§ **TASK INSTRUCTIONS**
Transcribe the listing below exactly, leaving out each image.

§ **RECORDED INFORMATION**

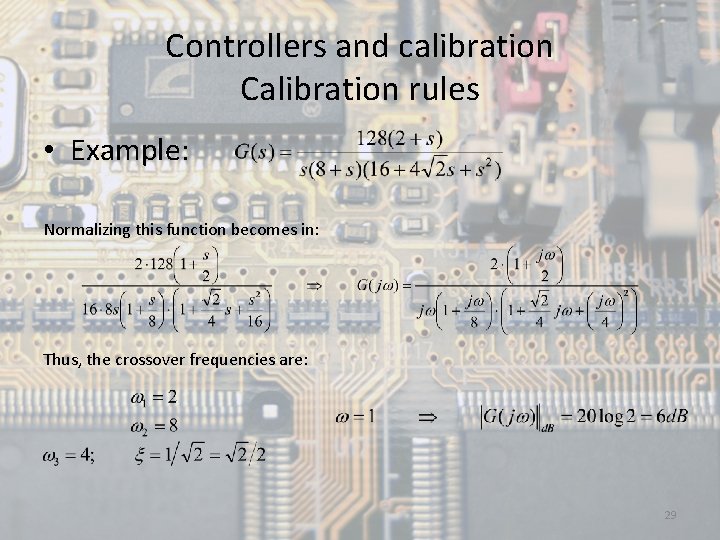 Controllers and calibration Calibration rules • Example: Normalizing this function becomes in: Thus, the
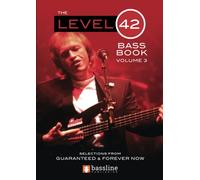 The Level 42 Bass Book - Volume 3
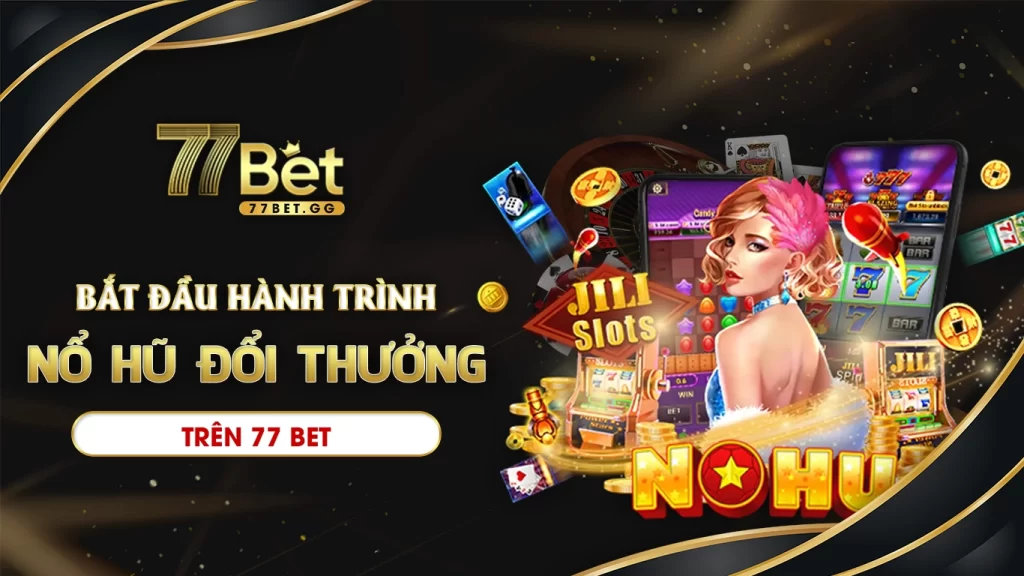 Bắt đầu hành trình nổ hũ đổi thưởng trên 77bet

§ **EXPECTED OUTPUT**
 Controllers and calibration Calibration rules • Example: Normalizing this function becomes in: Thus, the
 The Level 42 Bass Book - Volume 3
 Bắt đầu hành trình nổ hũ đổi thưởng trên 77bet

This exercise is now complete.